EDITORIAL The way the San Francisco Chronicle describes it, the city’s new green power program “won’t come cheap.” That’s a line that Pacific Gas and Electric Co. will use over and over again in the next few months as the city finally prepares to get into the retail electricity business, 98 years after Congress mandated public power for San Francisco. Clean Power SF will offer 100 percent clean energy — and yes, right now, this spring, it will cost a little bit more than buying nuclear and coal power from PG&E.
But that price differential will change dramatically in the next few years — if the city goes forward not just with buying and aggregating power from the commercial market but developing renewable energy on its own.
That’s the key to the future of CleanPowerSF — and as a proposed contract to get the system up and running comes to the Board of Supervisors, the need for a city build-out of at least 210 megawatts of energy generation capacity is, and must be, an essential part of the plan.
The fact that the city, at long last, is moving toward implementing this program is a testament to the work of Sup. Ross Mirkarimi, who pushed it for years, and Sup. David Campos, who more recently took over the lead role. Both deserve immense credit for their work.
As Rebecca Bowe reports in this week’s issue, there’s some disagreement about the contract proposed by the San Francisco Public Utilities Commission. The deal with Shell Energy North America would have the energy giant buy green power wherever it can, deliver it to San Francisco customers along PG&E’s lines — and charge enough to pay for the power and overhead expenses. That, initial reports say, could raise the bill of an average customer somewhere between $7 and $50 a month, depending on use. For most residential customers, the increase is going to be on the low end.
The problem is that the PUC estimates from the start that two-thirds of the potential customers will drop out of the program and stick with PG&E. That’s an abysmal projection, reflecting in part the PUC’s long reluctance to take the program seriously, in part a failure to plan an aggressive marketing campaign — and in part the lack of a long-term vision for the program.
The bottom line is simple: As long as the city is buying energy from somebody else, there are going to be problems. Right now, renewable energy demand exceeds supply, so prices are high. That’s going to fluctuate over the next decade.
But it’s entirely possible for the city to build its own renewable infrastructure and generate power that will beat PG&E’s prices in the short-term future — and will be far, far less expensive a decade down the road. Clean Power SF will never work to its full potential unless the city owns a significant part of the generation system. (Ultimately, the city will never see the full economic benefits of public power until it buys out PG&E or builds its own delivery system.)

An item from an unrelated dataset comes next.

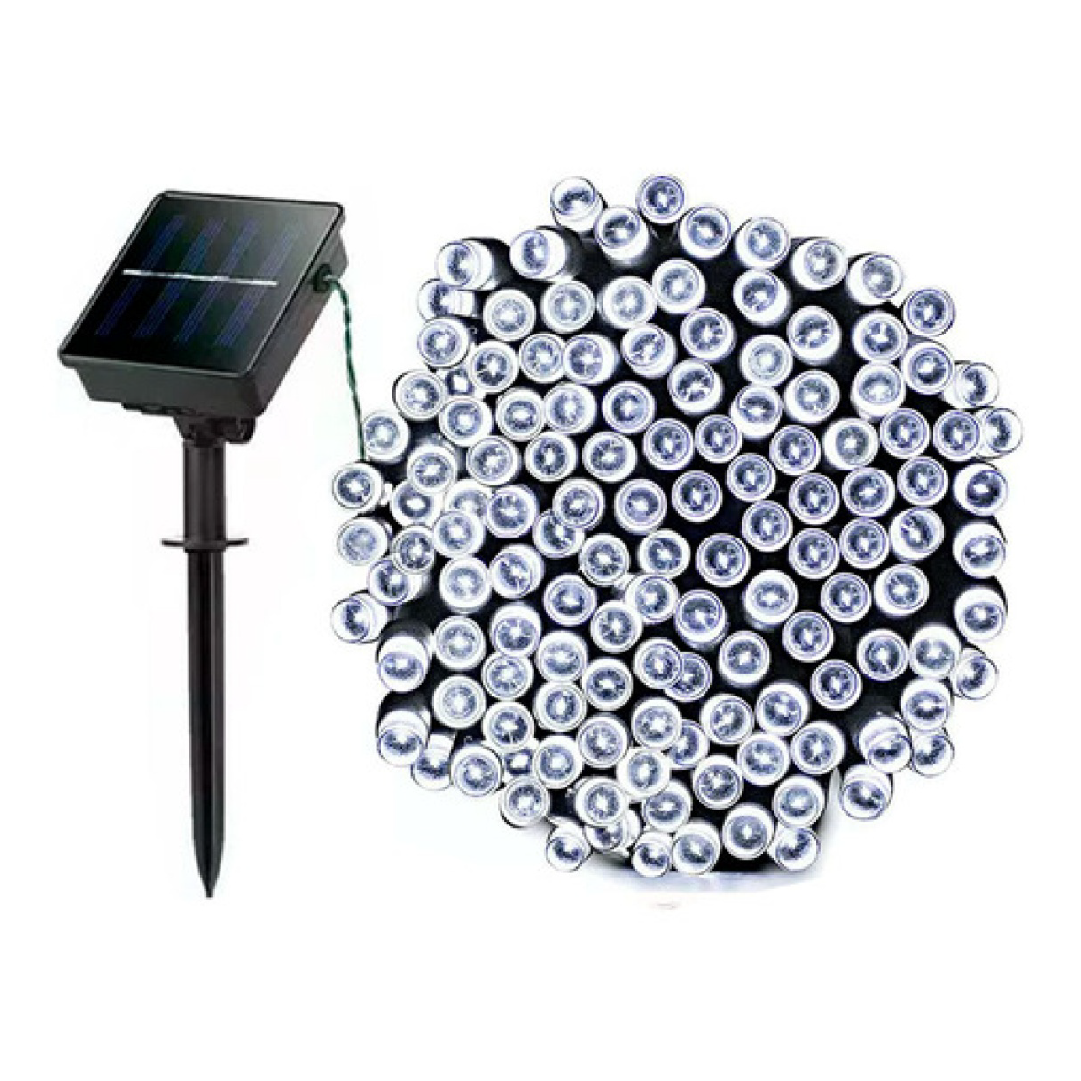 3 cajas de luces navideñas solares (cada caja contiene 100 leds de 10 metros de largo)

The PUC included — at the demand of public-power advocates — a clause in the contract stating that a city build-out was part of the plan. The proposal before the board only includes the contract with Shell — but the final deal should include specific plans for how much local power will be generated, how it will be funded — and how it will ultimately replace the power Shell is providing. The city should start right now looking for sites (there’s lots of surplus city land) and seeking bids for construction, and if the PUC can’t come up with enough revenue-bonding money, the board should put a comprehensive clean energy bond on the November ballot.
The Local Clean Energy Alliance estimates that building 210 megawatts of clean power in San Francisco would generate nearly 1,000 direct jobs and as many as 4,300 indirect jobs. That sort of program would be a boost to the economy and guarantee the city stable energy sources for the future. And it would allow the PUC to market Clean Power SF not as a plan that will cost consumers more today — but as a plan that the city can all-but guarantee will save you money, substantial amounts of money, over the next 10 years.